I wan’t to be clear that this isn’t an isolated thing. When a parent home births and homeschools, they have total control over their children’s documents (including control over the very existence of those documents). I grew up knowing several homeschooling families that didn’t obtain social security numbers for their children. Even birth certificates were something you could forego if you picked the right midwife. Most homeschoolers obtain both birth certificates and social security numbers for their children—mine did, for example—so don’t think I’m saying this is all that common. What I am saying is that home birthing and homeschooling gives parents the ability to deprive their children of these documents in a way that they could not if they didn’t home birth and homeschool—and some parents, like Alecia Faith’s, take advantage of that.

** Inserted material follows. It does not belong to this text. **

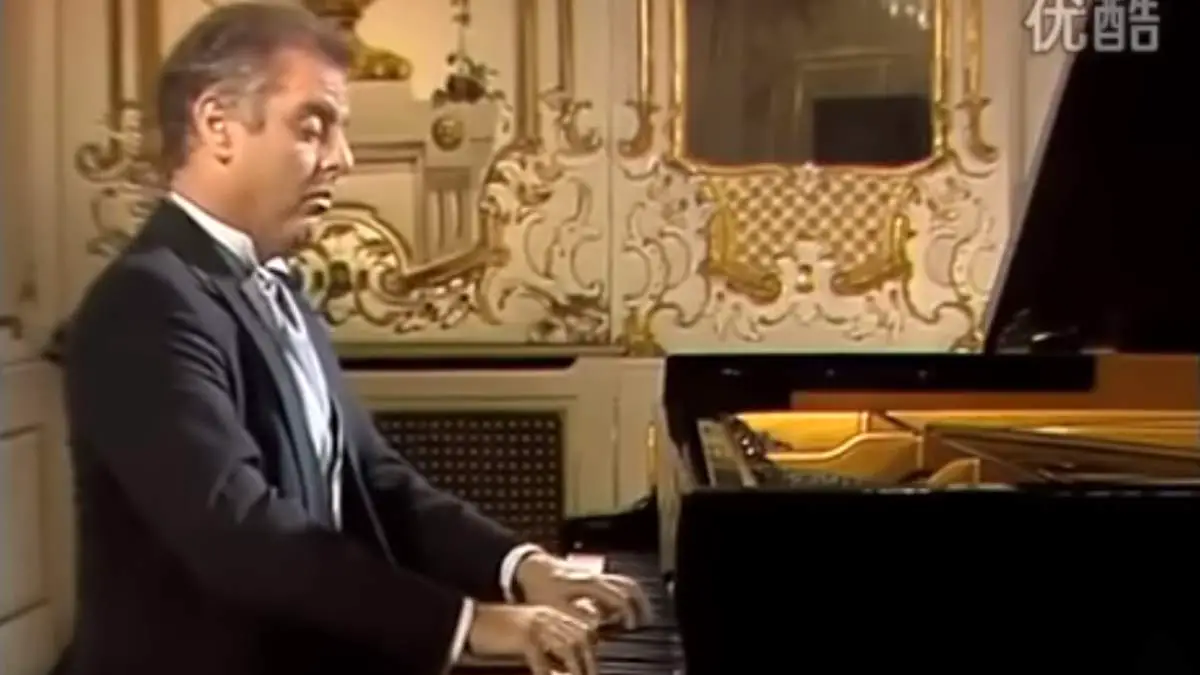 Daniel Barenboim plays Mozart Piano Sonata No. 16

Children who attend public school can obtain copies of their transcripts years later. Homeschool alumni have to get those from their parents. In most cases this isn’t a problem, but when parents are controlling and manipulative, it can be a huge problem. I know someone who lived at home until she was 23 because her parents kept promising to give her her homeschool diploma and transcript, stringing her along for years. I know someone else whose parents told her they would only give her a diploma and transcript of she agreed to go to the Christian college they had picked out. You can read more stories like this here.
In her own comment on my post, a Christian homeschooling blogger stated this:
You understate how controlling Lisa is. It’s shocking really. I know because we used to be friends.
This blogger chose to remove this comment, so I am not going to name her here. But to me, this rather confirms what I said earlier—that Alecia Faith would not have left home unannounced if she didn’t have reason for doing so. Her older sister Grace wrote in her comment that she is making plans to move out herself, but then, she is 24 and the move has not yet taken place yet. Besides, I could see Alecia Faith’s parents realizing that they need to loosen up a bit on their older children or they risk losing them as they lost Alecia Faith, so things may be different in the home than they were when Alecia Faith fled.
In summary, any parent willing to actively prevent a child from getting her drivers license until she is 23 on the grounds that she is not “mature” enough to drive is extremely controlling and manipulative, and I am ver glad Alecia Faith managed to get out. You go, Alecia Faith!